## Prompt
Please reproduce all of the listing below exactly and drop its images.

## Data segment
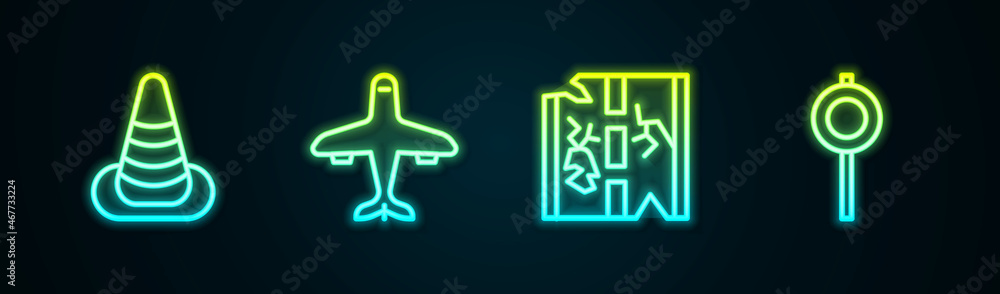 Set line Traffic cone, Plane, Broken road and Road traffic signpost. Glowing neon icon. Vector Set line Traffic cone, Plane, Broken road and Road traffic signpost. Glowing neon icon. Vector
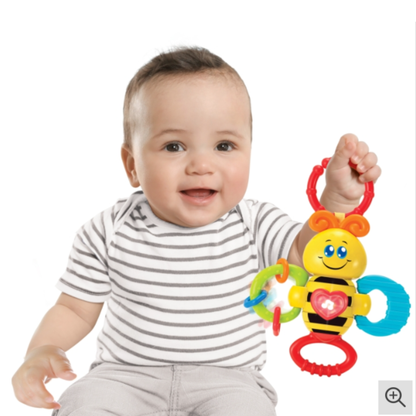 Winfun Light-up Twisty Rattles Musical Bee Teething Ring for Toddlers Music Teether For Todler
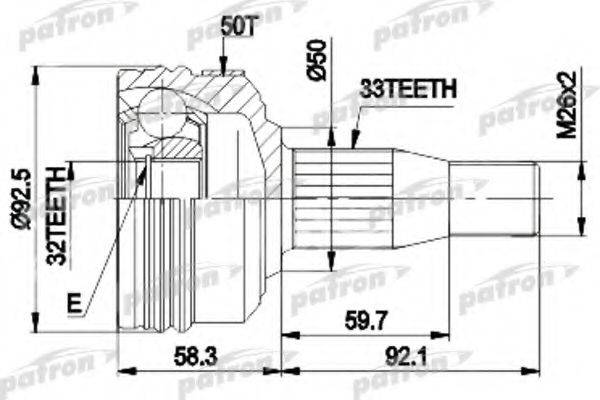 Шарнирный комплект, приводной вал PCV8957 PATRON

## Answer section
 Set line Traffic cone, Plane, Broken road and Road traffic signpost. Glowing neon icon. Vector Set line Traffic cone, Plane, Broken road and Road traffic signpost. Glowing neon icon. Vector
 Winfun Light-up Twisty Rattles Musical Bee Teething Ring for Toddlers Music Teether For Todler
 Шарнирный комплект, приводной вал PCV8957 PATRON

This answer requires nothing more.